For 2,000 years, ever since the roman lawyer Cicero (106-43 BC) warned politicians in “On Moral Duties” to serve the interests of those they represent ahead of their own private interests, politicians have done the very opposite. We had to wait until the development of the Public Choice school of economics in the late 20th century to explain why this would be the case:
… [L]et those who are to preside over the state obey two precepts of Plato, — one, that they so watch for the well-being of their fellow-citizens that they have reference to it in whatever they do, forgetting their own private interests; the other, that they care for the whole body politic, and not, while they watch over a portion of it, neglect other portions.
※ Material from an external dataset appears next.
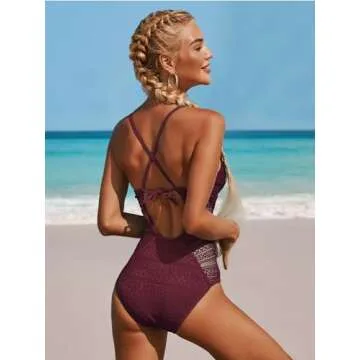 SOCIALA V Neck Crochet Bathing Suit Stylish for Beachwear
For, as the guardianship of a minor, so the administration of the state is to be conducted for the benefit, not of those to whom it is intrusted, but of those who are intrusted to their care.
About this Quotation:
For a couple of thousand years it was clear to those who observed the behavior of politicians that they acted quite differently from the promises they made to their supporters or those they represented. They might mouth the pious sentiments all politicians do of “serving the public interest” or putting “the needs of the people first” or “sacrificing their own interests” in order to promote “the common good”. It was obvious to the roman lawyer and politician Cicero that the endemic political corruption he saw around him in the late Roman Republic violated the precepts of moral duty which philosophers like Plato had advocated. He reminded his contemporaries of these precepts but to no avail. We had to wait until the 1960s before the American economists Gordon Tullock and James Buchanan explored the institutional and motivational reasons why all politicians and bureaucrats would tend to behave this way.